Nonparametric Mixture Modeling on Constrained Spaces

2019-08-16T14:15:18Z (GMT) by Putu Ayu G Sudyanti
Mixture modeling is a classical unsupervised learning method with applications to clustering and density estimation. This dissertation studies two challenges in modeling data with mixture models. The first part addresses problems that arise when modeling observations lying on constrained spaces, such as the boundaries of a city or a landmass. It is often desirable to model such data through the use of mixture models, especially nonparametric mixture models. Specifying the component distributions and evaluating normalization constants raise modeling and computational challenges. In particular, the likelihood forms an intractable quantity, and Bayesian inference over the parameters of these models results in posterior distributions that are doubly-intractable.

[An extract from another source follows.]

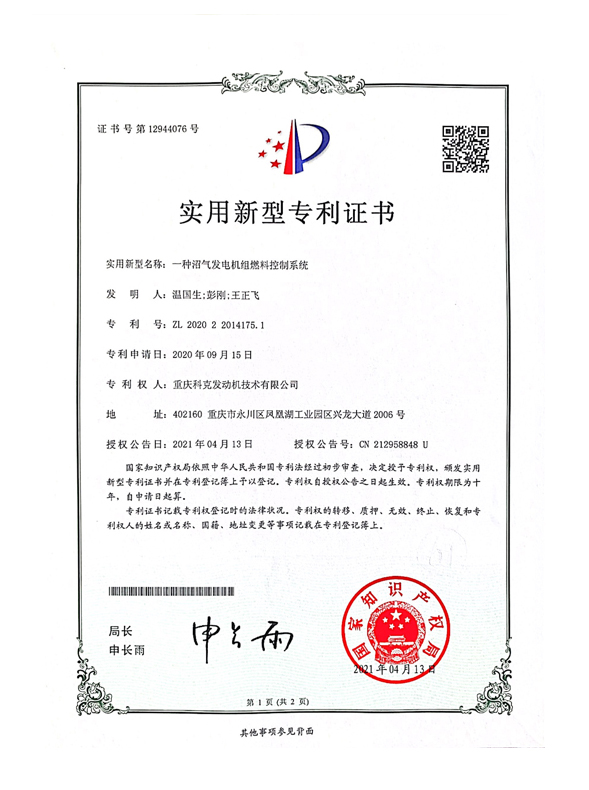 CN202022014175.1一種沼氣發(fā)電機組燃料控制系統(tǒng)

We address this problem via a model based on rejection sampling and an algorithm based on data augmentation. Our approach is to specify such models as restrictions of standard, unconstrained distributions to the constraint set, with measurements from the model simulated by a rejection sampling algorithm. Posterior inference proceeds by Markov chain Monte Carlo, first imputing the rejected samples given mixture parameters and then resampling parameters given all samples. We study two modeling approaches: mixtures of truncated Gaussians and truncated mixtures of Gaussians, along with Markov chain Monte Carlo sampling algorithms for both. We also discuss variations of the models, as well as approximations to improve mixing, reduce computational cost, and lower variance.

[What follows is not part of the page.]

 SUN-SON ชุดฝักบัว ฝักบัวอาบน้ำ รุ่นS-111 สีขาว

The second part of this dissertation explores the application of mixture models to estimate contamination rates in matched tumor and normal samples. Bulk sequencing of tumor samples are prone to contaminations from normal cells, which lead to difficulties and inaccuracies in determining the mutational landscape of the cancer genome. In such instances, a matched normal sample from the same patient can be used to act as a control for germline mutations. Probabilistic models are popularly used in this context due to their flexibility. We propose a hierarchical Bayesian model to denoise the contamination in such data and detect somatic mutations in tumor cell populations. We explore the use of a Dirichlet prior on the contamination level and extend this to a framework of Dirichlet processes. We discuss MCMC schemes to sample from the joint posterior distribution and evaluate its performance on both synthetic experiments and publicly available data.